That dual demand matters.

Silver markets are much smaller than gold, which means price moves can be sharper when demand increases. Add in:

  • Ongoing supply deficits
  • Declining global inventories
  • Heavy paper trading compared to physical availability

…and silver tends to move faster than most people expect, in both directions.

Paper Prices vs. Physical Reality

One important distinction many investors overlook is the difference between paper pricing and the physical gold and silver market.

Most daily price movement comes from futures and derivatives trading. Physical metal, however, is influenced by:

  • Actual supply
  • Refining capacity
  • Investor demand for real delivery

When uncertainty rises and even a small portion of investors want physical metal instead of paper exposure, the system can tighten quickly. We’ve seen this before, most notably during periods like 2008 and 2020.

Looking Ahead: What This Means for Precious Metals Investors

Periods like this are rarely about one headline or one event. They’re about stacking risks:

  • Geopolitical instability
  • Questions around monetary policy
  • Currency pressure
  • Structural supply constraints

From the perspective of a long-term precious metals investor, moments like this tend to mark transitions, not endings.

When gold and silver make new highs during periods of rising uncertainty, it’s rarely about a single event. More often, it reflects a broader shift in how markets are pricing risk, confidence, and supply. Historically, when multiple pressures align, including geopolitical stress, questions around monetary policy, and physical supply constraints, precious metals don’t simply revert overnight.

That doesn’t mean prices move in straight lines. Volatility and pullbacks are normal, and healthy markets often pause to digest gains. But when underlying fundamentals remain intact, strength has a tendency to persist longer than many expect.
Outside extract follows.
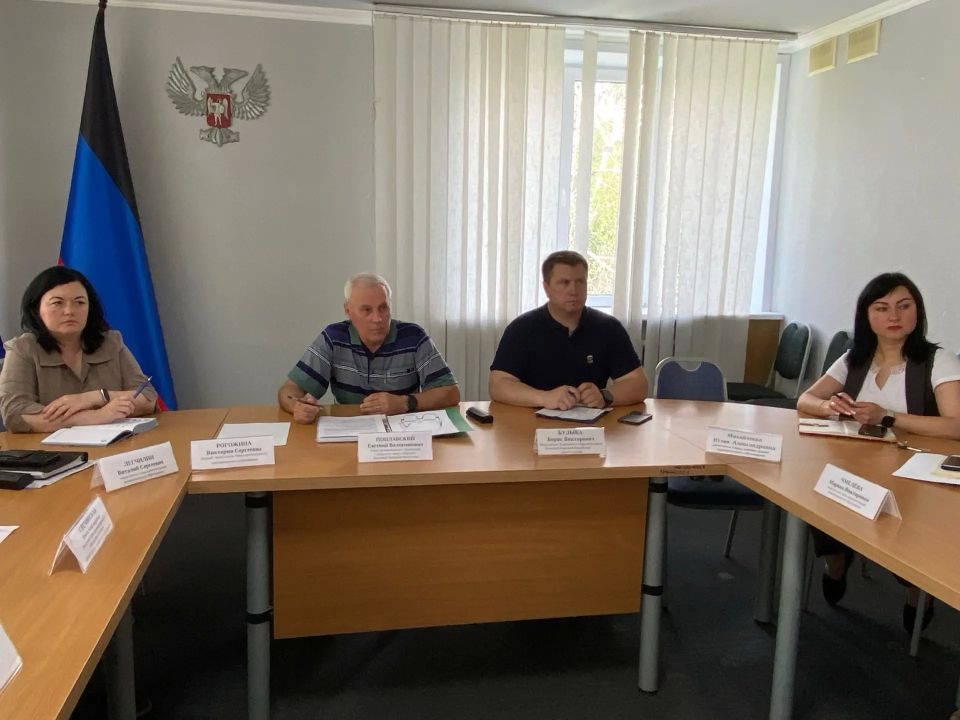 Евгений Поплавский: Провел еженедельное аппаратное совещание с руководителями ведомств и представителями силовых структур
Looking ahead, if current conditions continue (ongoing global instability, pressure on currencies, and tight physical supply) it wouldn’t be unreasonable to see gold and silver remain well supported, with the potential for further upside over time. How far and how fast is impossible to know, but the direction of demand has been clear.

For experienced investors, this environment is less about chasing headlines and more about staying disciplined, managing position size, and focusing on long-term trends rather than short-term noise.

As always, my goal isn’t to forecast prices, but to help you understand the forces at work, so you can make informed decisions that fit your own strategy and time horizon.